I recently acquired a rather nice Titus Tuning Fork. I love the sweep second hand and hope to now be able to find a nice Omega or Titus diver to go with it. Does anyone know when these were made? I guess late 70's as the movement seemed to be around late 60's to mid 70's? I think these are made from surplus Omega cases so can anyone date it from that?

Many thanks

Steve


----------



## watsonhsu (Jan 4, 2008)

stevebuk said:


> Hi all,
> 
> I recently acquired a rather nice Titus Tuning Fork. I love the sweep second hand and hope to now be able to find a nice Omega or Titus diver to go with it. Does anyone know when these were made? I guess late 70's as the movement seemed to be around late 60's to mid 70's? I think these are made from surplus Omega cases so can anyone date it from that?
> 
> ...


Make: Solvil et Titus

Model: Tuning fork

Movement: F300 Developed jointly by Omega and ESA 12 jewels cal. 9162 accutron movement

Crystal: original

WR: N/A

Width: 39MM

Height: 11.5MM

Lugs: Intigrated

Lug to Lug: 43.1 MM


----------



## watchnutz (Jan 18, 2008)

> Movement: F300 Developed jointly by Omega and ESA 12 jewels cal. 9162 accutron movement


Correction: it is not an Accutron movement but an ESA movement with the tuning fork technology liscensed by Accutron. The architecture is different and the parts are not interchangable. Both have Max Hetzel credited as inventor with the ESA done after he left his employ by Bulova. The ESA movement was used in MANY different watches and is incorrectly referred to, in many cases, as f300 which was what Omega called theirs.

For more on the movement and which other watches used it refer to Silverhawk's web site by clicking on the big Electric Watches at the top right of this page.
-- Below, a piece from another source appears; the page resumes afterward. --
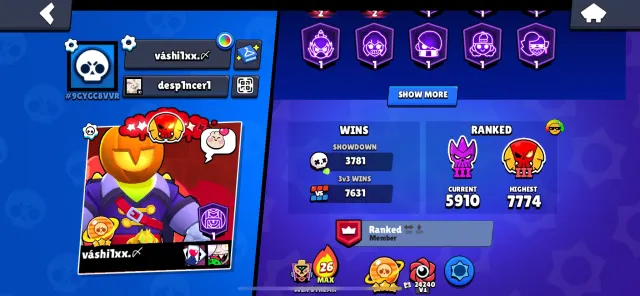 🔥68K ⭐️ 105/106 👅 3 LEAGUE 🏆 SPRAY 30 RANK 🩸43 11 POWER 👑 44 BUFFY 🚀, 68250 trophies, 105 brawlers, 48 primes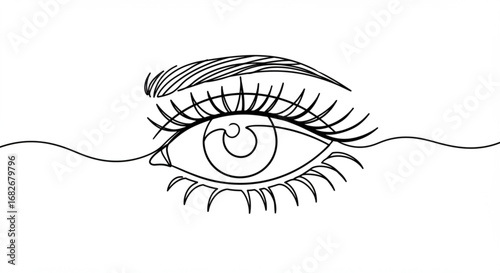 Minimalist eye illustration with eyelashes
Also look at my photos in album "hummers" in my signature below for views of some other makers that used this movement.


----------



## wozza (Dec 1, 2009)

Ive seen these on ebay at quite a reasonable price, are they the seem quality as Omega F300? Nice looking watch btw


----------



## ketiljo (Apr 22, 2009)

wozza said:


> Ive seen these on ebay at quite a reasonable price, are they the seem quality as Omega F300? Nice looking watch btw


It's in fact the exact same watch as the Omega 398.0821 . Do a google search for it, and you'll see what I mean.


----------